What sounds a little strange is your insistence that MG books don't sell, when I know for a fact that they do. I used to work at a book store, in the receiving department, and I know that lots of series sold well, because I kept having to receive tons of them and put them on carts.

Who cares? Who cares how many reviews his books have in relation to HTTYD? (For the record, his first novel has 455 reviews, and he has a load of rabid fans.) Your statement was that there's no market for MG fiction, and I'm telling you there is obviously some market for it, because he was able to quit his job and now makes a living writing MG books as an indie.
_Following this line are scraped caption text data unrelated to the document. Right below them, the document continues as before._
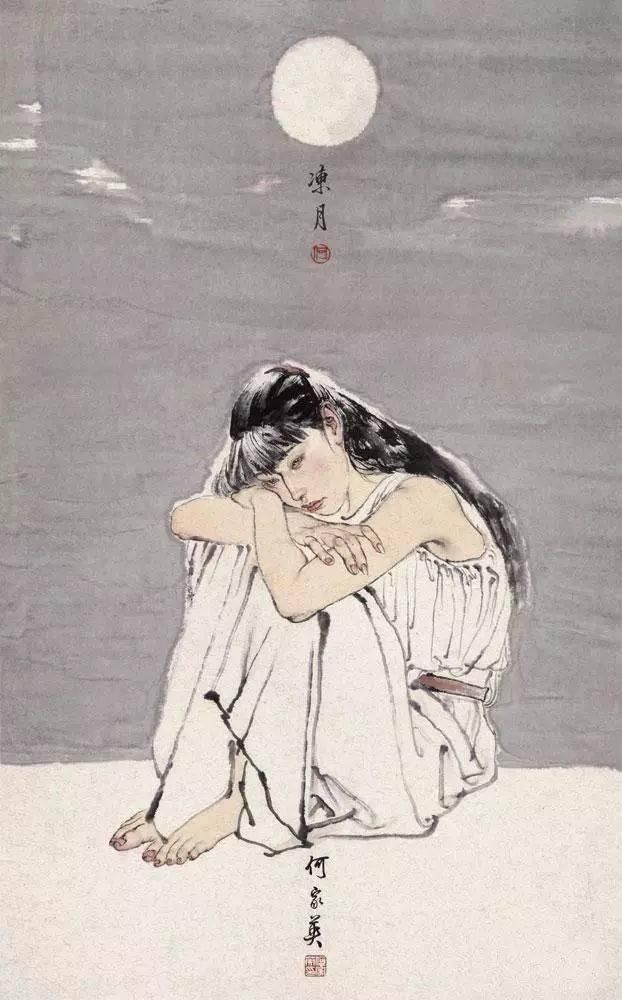 工笔画|国画:何家英画笔下的怜怜女儿态,不同寻常的美感!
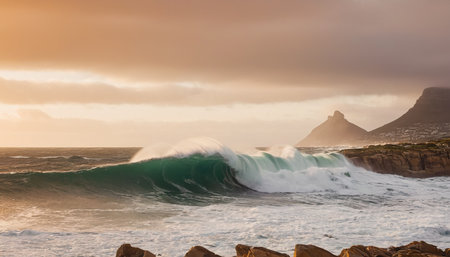 Beautiful view of the Atlantic Ocean waves crashing on the rocks at sunset, Cape Town, South Africaの素材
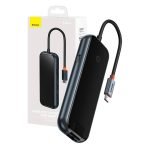 Hub 5-en-1 Baseus AcmeJoy série USB-C vers 2xUSB 3.0 + USB 2.0 + USB-C PD + RJ45 - Gris foncé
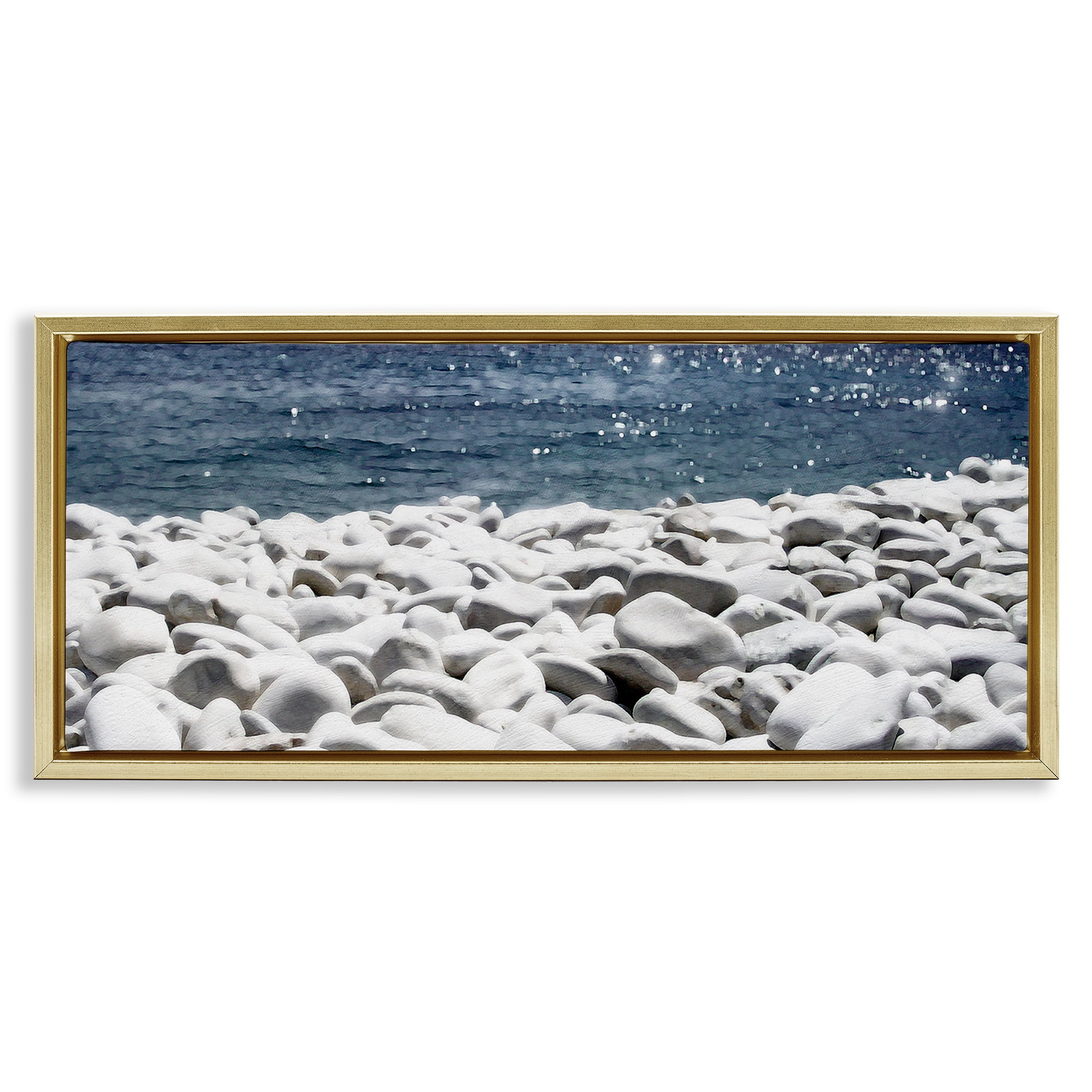 Stupell Industries Greek Pebbles Shore Landscape & Nature Photography Gold Floater Framed Canvas Art Print Wall Art, 31 x 14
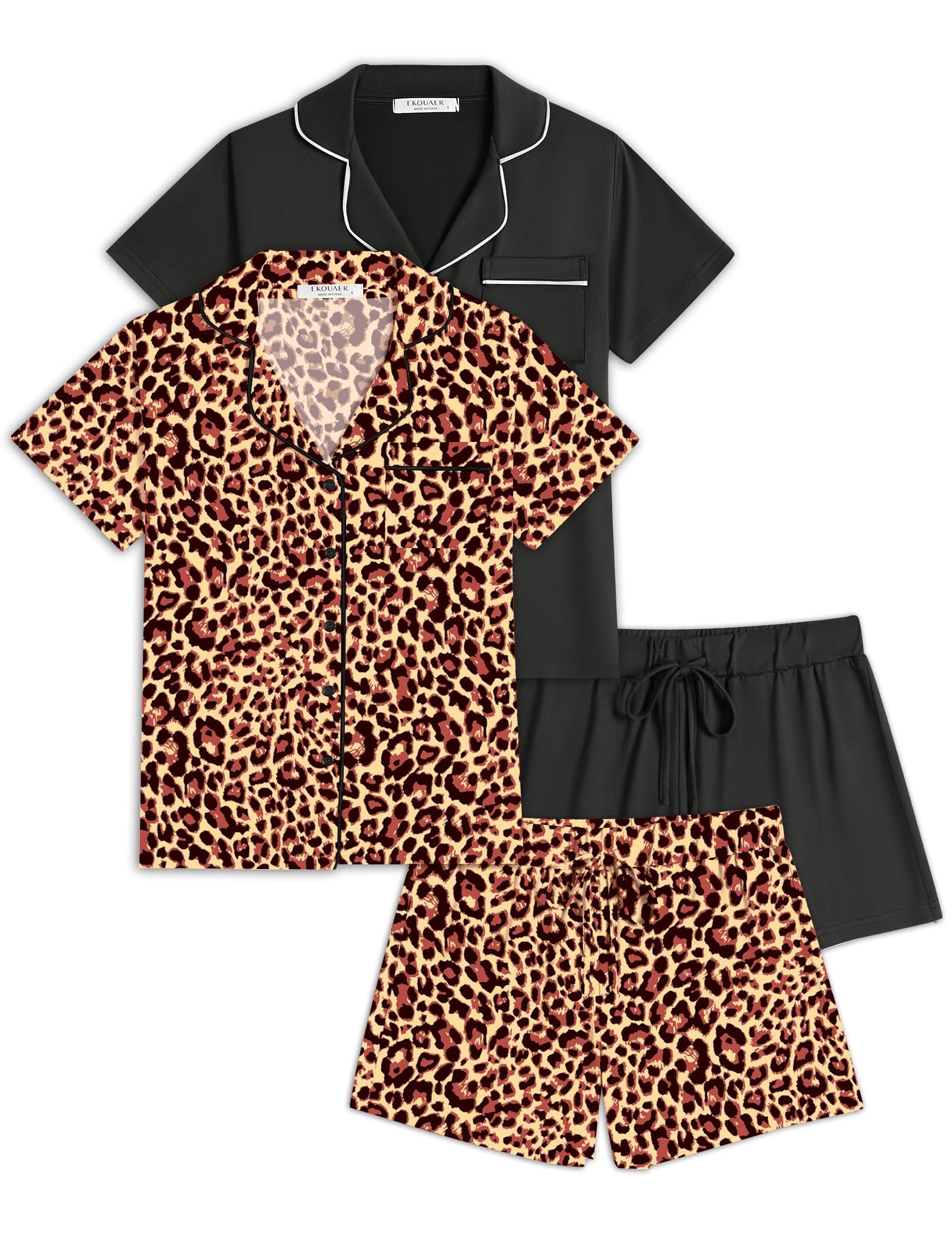 Photo 1 of Ekouaer 2 Pack Womens Pajamas Set Button Down Summer Sleepwear Short Sleeve Comfy Pjs Loungewear Set(GP1,S)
Just because you say a thing, doesn't make it so. Books by all of those authors used to fly off the shelf when a new release would come in. I know, again, because I used to have to handle them all.


----------



## Crystal_ (Aug 13, 2014)

I don't see why you would use number of Amazon reviews as the end all, be all of what sells. HTTYD has had three movie adaptations that did insanely well. Even if the books had "only" sold well enough to generate 1,000 Amazon reviews, that's probably a few hundred thousand copies. And there are big movies on top of it.

If that isn't enough for you, I don't know what would be.


----------



## Speaker-To-Animals (Feb 21, 2012)

Doctor Proctor's Fart Powder is almost as popular in our daughter's school as Diary of a Wimpy Kid. But sorry, kids are reading. I don't know of any surveys of "Gen Z," but I remember hearing year after year that the Millennials didn't read, but surveys showed they were the most well read generation in almost 100 years. 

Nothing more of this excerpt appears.